Permaneció inmóvil, en tanto yo hurgaba frenéticamente en mi mente en busca de una pregunta, un comentario, una observación crítica o cualquier cosa que agregara cierta amplitud a sus declaraciones. En realidad, nada en el relato de Pablito servía para confirmar lo que me había sucedido. Me sentía decepcionado. Casi enfadado con él. En mí se mezclaban la piedad por Pablito y por mí mismo y una profundísima desilusión.
– Lamento resultarte un chasco -dijo Pablito.
Mi inmediata reacción ante sus palabras consistió en disimular mis sentimientos; le aseguré que no me sentía defraudado.

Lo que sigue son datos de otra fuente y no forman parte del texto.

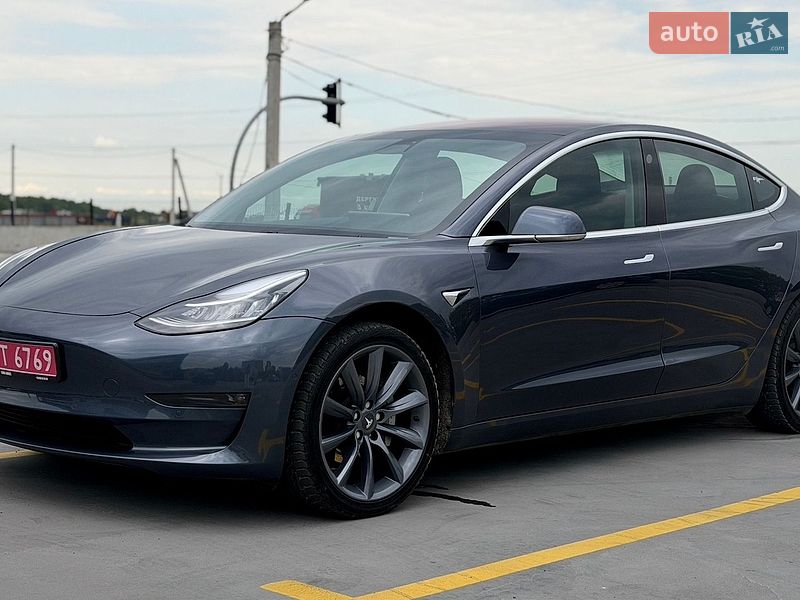 Седан Tesla Model 3 2018 в Тернополе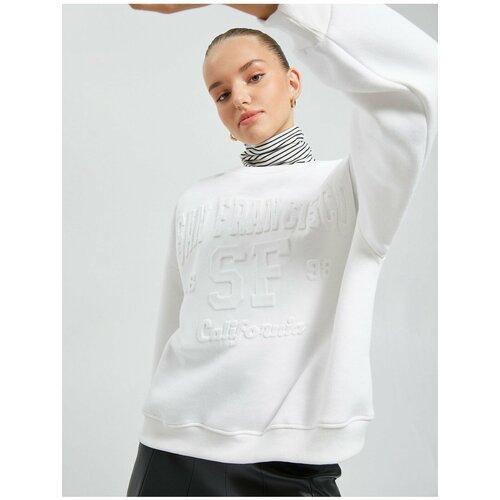 Koton Crew Neck Sweatshirt Relax Fit. Embroidered Detailed. Slike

– Soy un brujo -dijo riendo-; un brujo no muy lúcido, pero sí lo bastante como para interpretar los mensajes de mi propio cuerpo. Y ahora me dice que estás enfadado conmigo.
– ¡No estoy enfadado, Pablito! -exclamé.
– Eso es lo que indica tu razón, pero no tu cuerpo -dijo-. Tu cuerpo está enojado conmigo, pero tu razón no halla motivo alguno para ello; de modo que te hallas en medio de un fuego cruzado. Lo menos que puedo hacer por ti es aclararlo. Tu cuerpo está enfadado porque sabe que yo no soy impecable y que sólo un guerrero impecable puede prestarte ayuda. Está enfadado además porque siente que me estoy desperdiciando. Lo comprendió todo en el momento en que traspuse esa puerta.
No sabía qué decir. El recuerdo de algunos hechos me invadió como un torrente y entendí muchas de las cosas que habían tenido lugar. Posiblemente él tuviese razón al sostener que mi cuerpo ya lo sabía. En alguna medida, su franqueza al colocarme frente a mis propios sentimientos había embotado el filo de mi frustración. Empecé a preguntarme si Pablito no estaría jugando conmigo. Le dije que el ser tan directo y atrevido no era fácilmente conciliable con la imagen de debilidad que había dado de sí mismo.
– Mi debilidad consiste en que estoy hecho para el anhelo -dijo, casi en un susurro. Soy así hasta el punto en que suspiro por la vida que hacía cuando era un hombre ordinario. ¿Lo puedes creer?